Excuse me the OP, I know this one is off topic but I was searching for those fittings (never see it before) and found something funny about a guy proud of his job and how he explained step by step how he did it. Well (the picture was what called my attention) at least he installed a PVB.....
http://www.shardsofblue.com/blog/2012/gardening/operation-garden-phase-2-irrigation/


----------



## sierra2000 (Sep 19, 2011)

Why not just use a brass nipple instead of that PVC adapter?


----------



## KoleckeINC (Oct 22, 2011)

You know what? I would like to see those used for condensate lines.


----------



## rwh (Dec 17, 2014)

saysflushable said:


> When they become legal and and are made in medium and short sweep fittings, you bet I will use them for service. If they seem good quality.
> 
> Never running the risk of spilling glue or primer in a finished house is fine by me.
> 
> The only down side is not being able to blame my unusually small genitalia on glue fumes any longer.

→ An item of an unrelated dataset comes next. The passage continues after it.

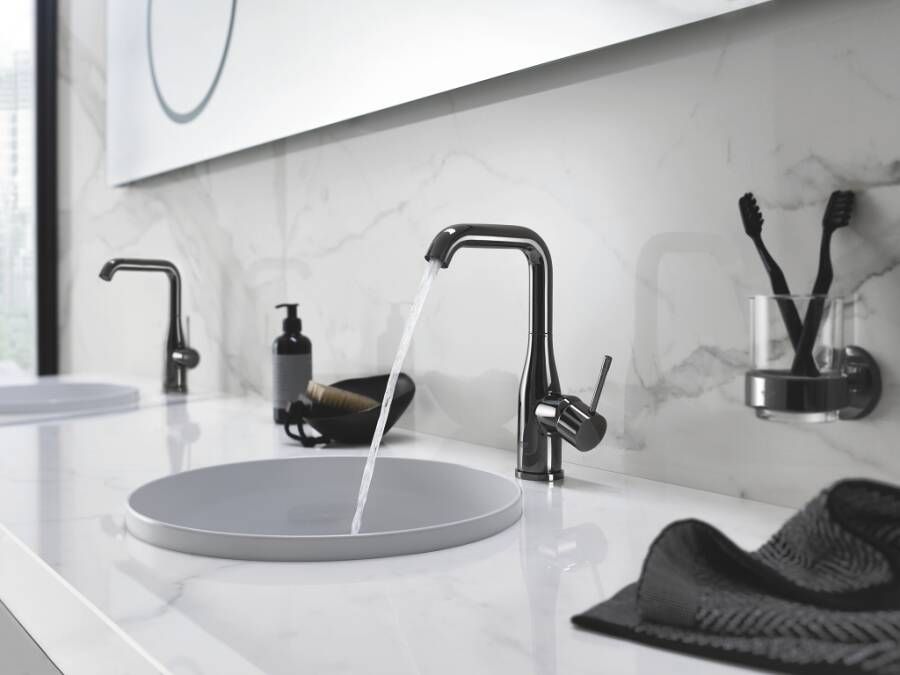 Grohe Essence hoge wastafelkraan L-size met draaibare uitloop en trekwaste Supersteel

Those are a p.o.s. idea from the start. Plastic pipe is easy enough to run. Now we need mechanical joints? They have these things called rags. They are usefull when working with liquids.


----------



## jeffreyplumber (Dec 7, 2009)

Rags are great for tieing around a leaky joint so it doesent spray all over then put a bucket underneath till you can get around to fixin it.


----------



## Cajunhiker (Dec 14, 2009)

Ummm wouldn't you be embarrassed to use these and still claim to be a plumber? Well, you should be embarrassed.


----------



## saysflushable (Jun 15, 2009)

I don't know the quality of these particular fittings but, if they are good quality . Then no problem using them. This stuff cracks me up. I guess guys never used elastomeric couplings? These can't be any worse then no hub couplings. 

You guys ever read the label on glue? Well neither have I but I bet it ain't good for you.

Oh ya let's see that rag wipe purple primer off anything. At least now we can use clear primer.

I've been hoping for a way to not use glue and primer for a long time. Maybe the time is close


----------